* YOUR ASSIGNMENT *
Every entry below is to be copied exactly, apart from any picture it holds.

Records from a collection
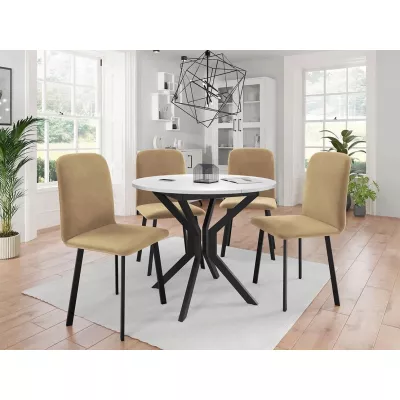 Rozkladací stôl so 4 stoličkami SALPA 1 - biely / čierny / hnedý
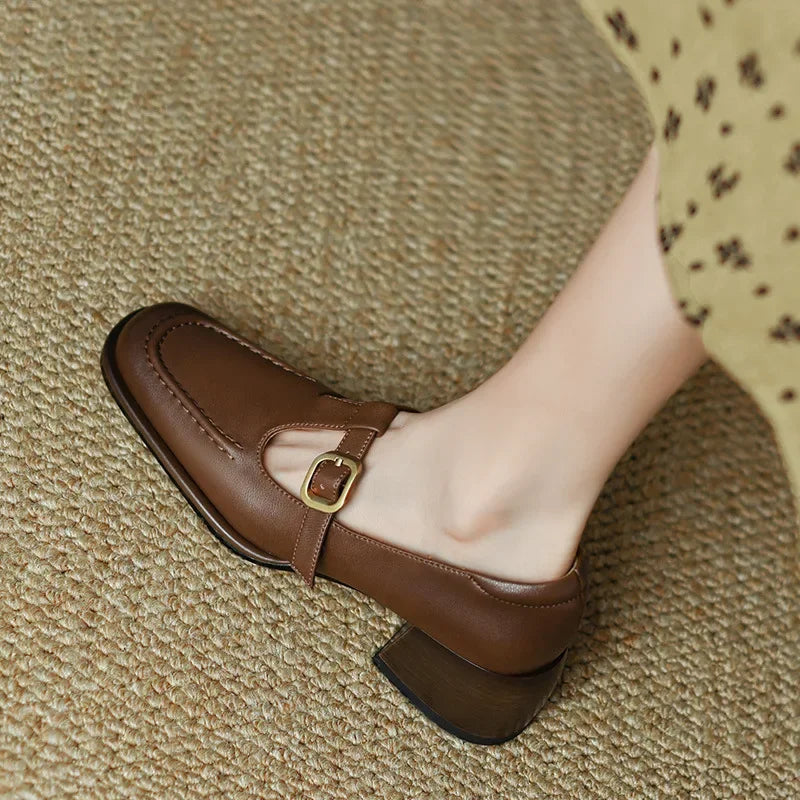 Stitched Gold Buckle T-Bar Shoes in Brown — VerolynBoutique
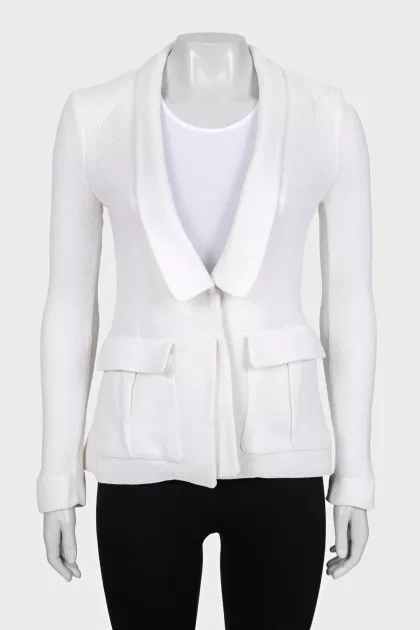 Fitted jacket with patch pockets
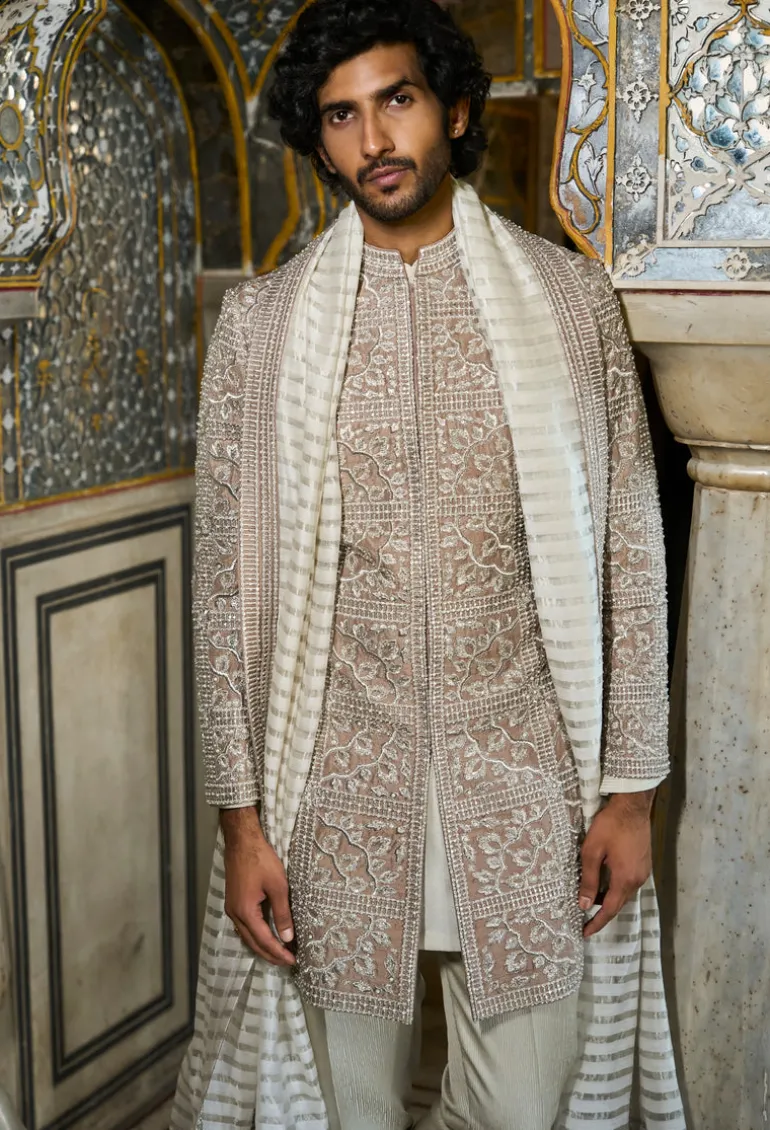 Silver Geometric Sherwani Set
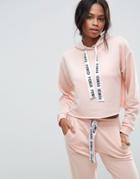 Asos Co-ord Hoodie With Raw Edges And Printed Tape - Pink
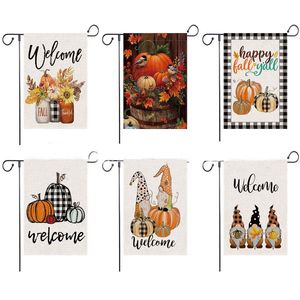 Herfst Welkom Tuin Vlag Floral Thankful 12 * 18 Halloween Inch Dubbelzijdig Verticaal Rustiek Boerderij Yard Seizoensgebonden Vakantie Outdoor Decor HH21-637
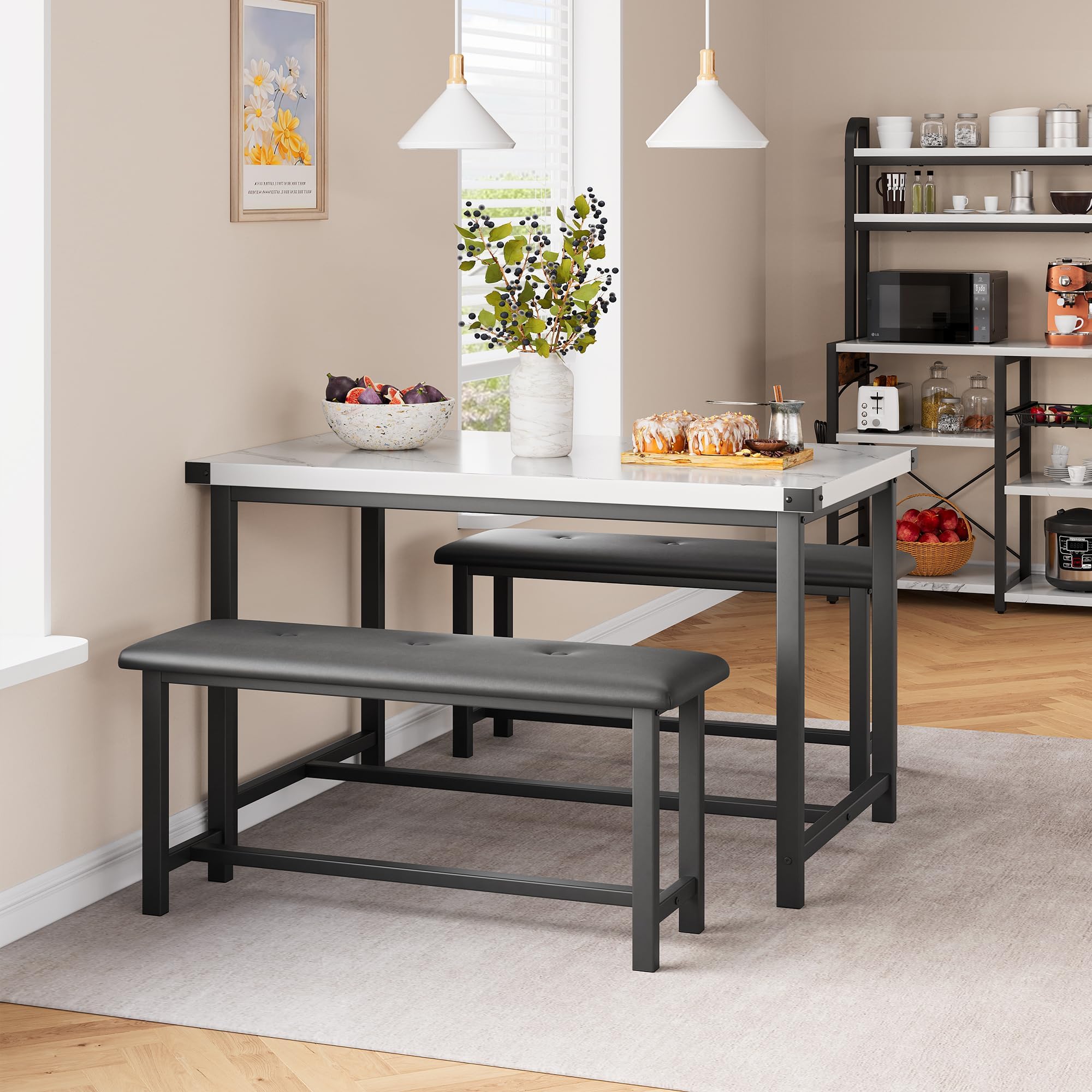CABIHOME Dining Table Set for 4, Farmhouse Rectangular Kitchen Table with Upholstered Benches, 3-Piece Dining Table and Bench Set for Small Spaces, Apartment, Studio, White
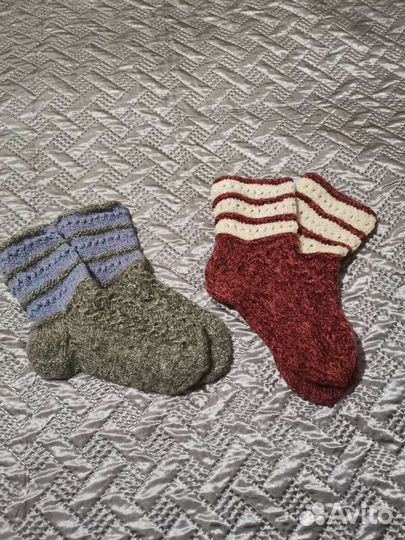 Носки ручной вязки шерстяные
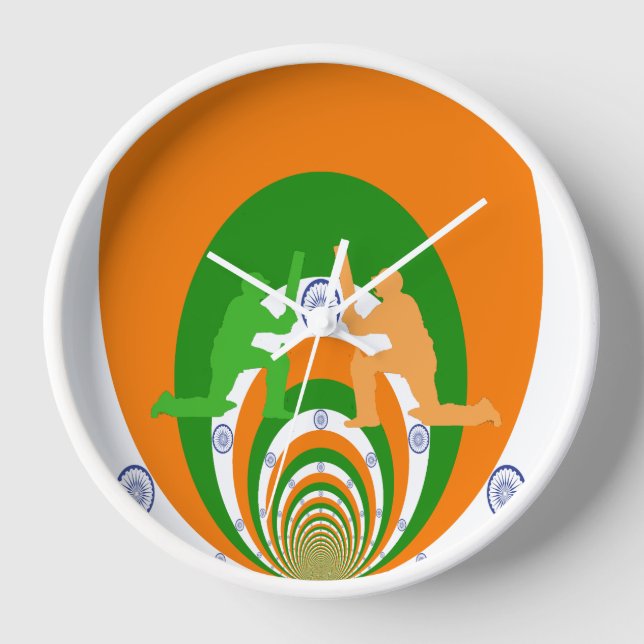 India Cricket Spirit Abstract Design Uhr (Vorderseite)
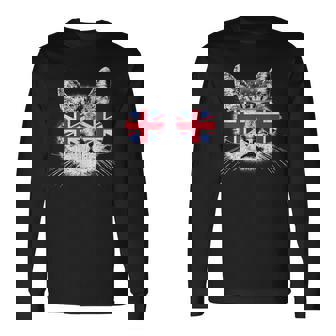 イギリス ユニオンジャック フラッグ イギリス 猫 イギリス 長袖Tシャツ - Kawaiitshirt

* ANSWER TO THIS TASK *
 Rozkladací stôl so 4 stoličkami SALPA 1 - biely / čierny / hnedý
 Stitched Gold Buckle T-Bar Shoes in Brown — VerolynBoutique
 Fitted jacket with patch pockets
 Silver Geometric Sherwani Set
 Asos Co-ord Hoodie With Raw Edges And Printed Tape - Pink
 Herfst Welkom Tuin Vlag Floral Thankful 12 * 18 Halloween Inch Dubbelzijdig Verticaal Rustiek Boerderij Yard Seizoensgebonden Vakantie Outdoor Decor HH21-637
CABIHOME Dining Table Set for 4, Farmhouse Rectangular Kitchen Table with Upholstered Benches, 3-Piece Dining Table and Bench Set for Small Spaces, Apartment, Studio, White
 Носки ручной вязки шерстяные
 India Cricket Spirit Abstract Design Uhr (Vorderseite)
 イギリス ユニオンジャック フラッグ イギリス 猫 イギリス 長袖Tシャツ - Kawaiitshirt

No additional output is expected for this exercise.